「新しい政治性」についてのメモ。

日本的想像力→ポストモダン状況の徹底した想像力。その先進性を考えること。
10年代→新しい「政治性」の設定、関連付けを考えていくこと。「ネオテニー化」という成熟。

システムと実存の切り分け、政治と文学の切り分け。

現在批評にはアーキテクチャ派とコンテンツ派との2つに分けてしまう傾向が生まれている。宇野常寛さんはこれを繋ぐ回路を作っていきたい、という。それが10年代の想像力といういうことになる、と。10年代は「システム改変的想像力」へ、ということか。
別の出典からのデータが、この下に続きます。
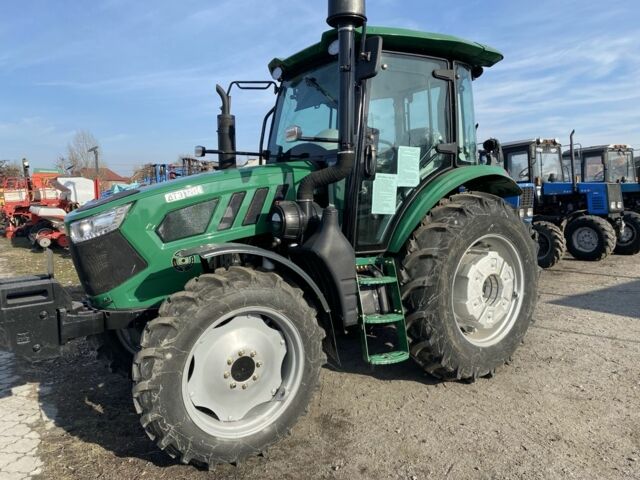 ДТЗ Інша, об'ємом двигуна 0 л та пробігом 0 тис. км за 34400 $, фото 1 на Automoto.ua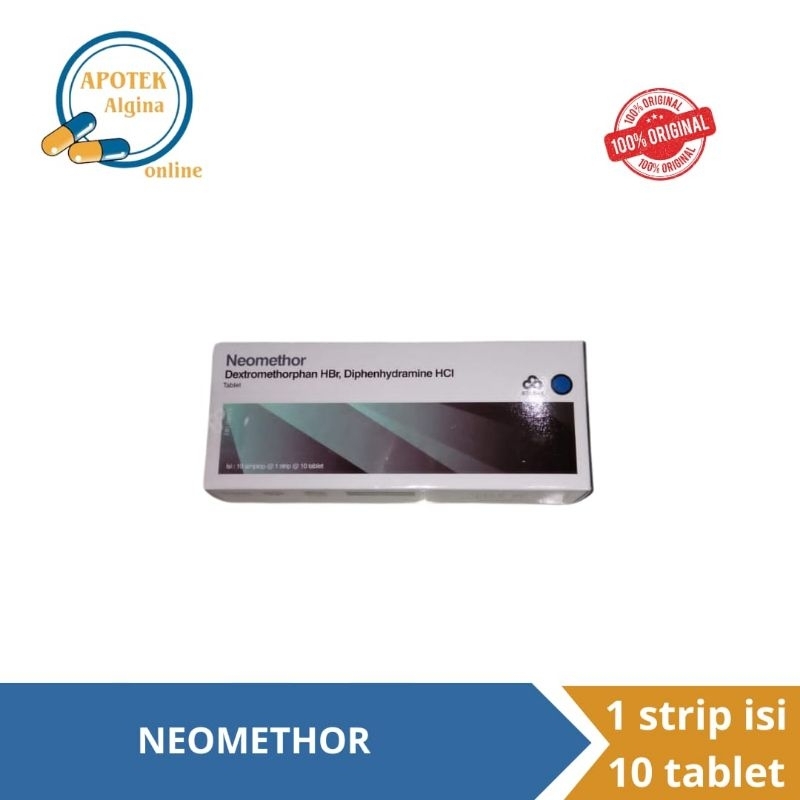 Neomethor Box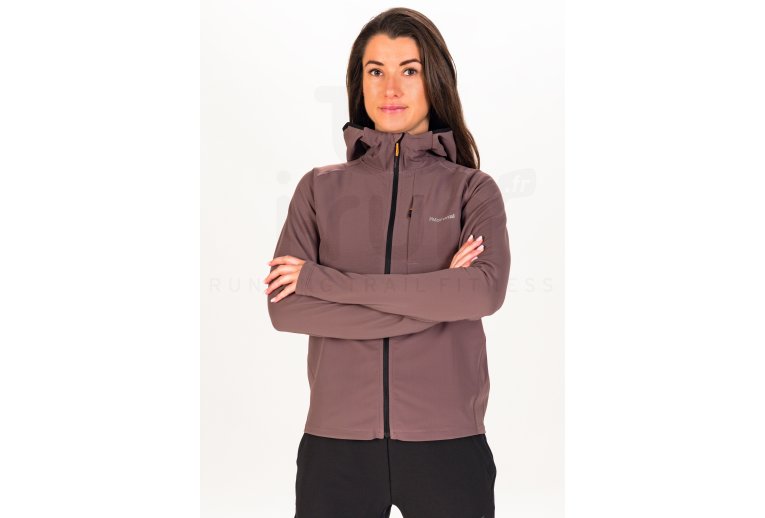 NNormal Active Warm W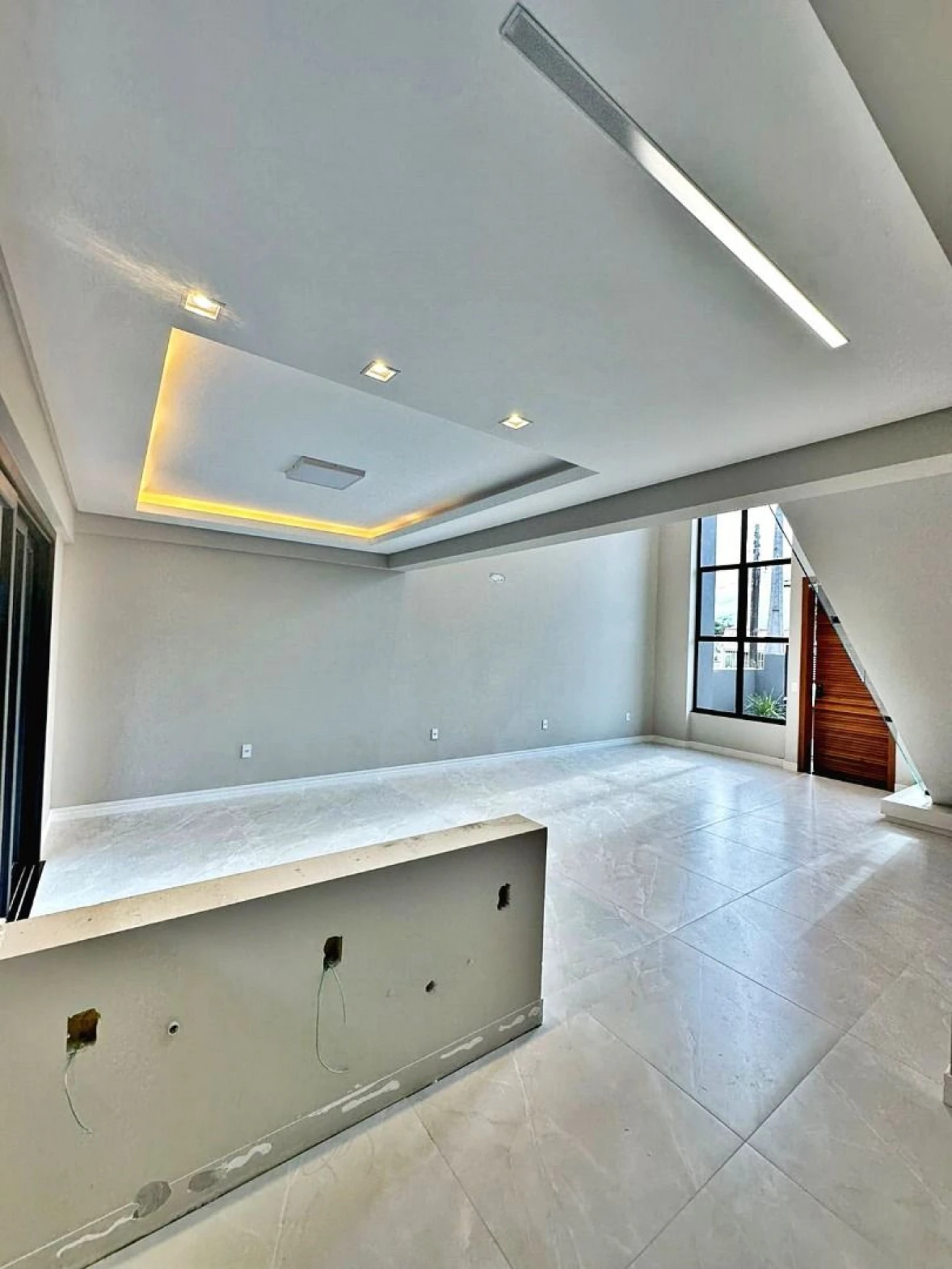 Casa, Alto Padrão, 3 Suítes, Bairro Carianos, Florianópolis/SC - Foto 13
気になるのは、「ロスジェネ」や「フリーターズフリー」や「素人の乱」界隈の政治性とどのような形で距離を取っていくのかということ。言動を政治に伝える回路という点では、そのあたりの論壇のノウハウというのものがそれなりに既にあると思われるが、そこで知覚されていない「政治性」なるものを生成・構築・言語化していくということか。宇野さんはそのあたりの人々の活動は文学の領域に留まり、政治には届いていないのではないか、という。では文学の域を出て政治に届けるためにはどのような「政治性」の設定がこれから必要なのか。この日本的な状況を生かす語りで政治性への想像力を作り上げていくということはどういうことなのだろうか。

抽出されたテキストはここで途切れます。